Het Draaksteken in het Limburgse dorp Beesel. Typisch een onderwerp voor documentairemaker Hans Heijnen, zou je zeggen. Geluif In ’t Goeje (93 min.), de film over ‘het grootste openlucht-theaterspektakel van Nederland’ dat elke zeven jaar wordt opgevoerd in het plaatselijke kasteel Nieuwenbroek, is evenwel een productie van Suzanne Raes (Dicht Bij Vermeer, De Dijk – Hou Me Vast en Where Dragons Live). Heijnen heeft twee jaar geleden overigens een vergelijkbare docu gemaakt over een Limburgse openluchtvoorstelling, De Passiespelen: Het Kruis Van Tegelen.
Raes start haar film twee jaar voor de uitvoering van het Draaksteken in 2023. Frans Pollux heeft een script geschreven, waarin ’t ditmaal de koning zelf is die de draak heeft gecreëerd – als een metafoor voor de verleidingskracht van de macht. Diverse dorpelingen hopen kans te maken op een hoofdrol en studeren thuis hun tekst in. Tijdens audities bepaalt het driemanschap Theo Geraets, Huub Geerlings en Frank Rous, dat gezamenlijk de regie voert over de groots opgezette voorstelling, vervolgens wie voor welke rol in aanmerking komt in deze epische strijd tussen goed en kwaad.

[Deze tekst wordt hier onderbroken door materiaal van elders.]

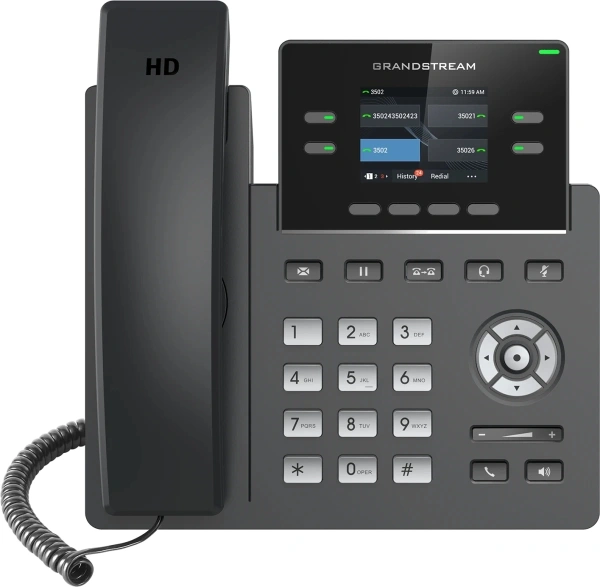 Телефон IP Grandstream GRP-2612G черный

Dit is een delicate taak, met de nodige gevoeligheden. Kan prinses Aja bijvoorbeeld ook eens gespeeld worden door een wat oudere actrice? vraagt Victorine Mégard zich af. Of kiezen ze toch weer gewoon voor het mooiste meisje van het stel? Verder heeft René Beurskens eigenlijk een stoere rol voor zichzelf in gedachten. De regisseurs vinden alleen niet dat hij die in zich heeft. Beurskens is volgens hen meer geschikt voor een ‘komische noot’. Met alle respect voor René, constateert Geerlings over zijn dorpsgenoot. Hij heeft nu eenmaal de trekjes van hoe hij geaard is.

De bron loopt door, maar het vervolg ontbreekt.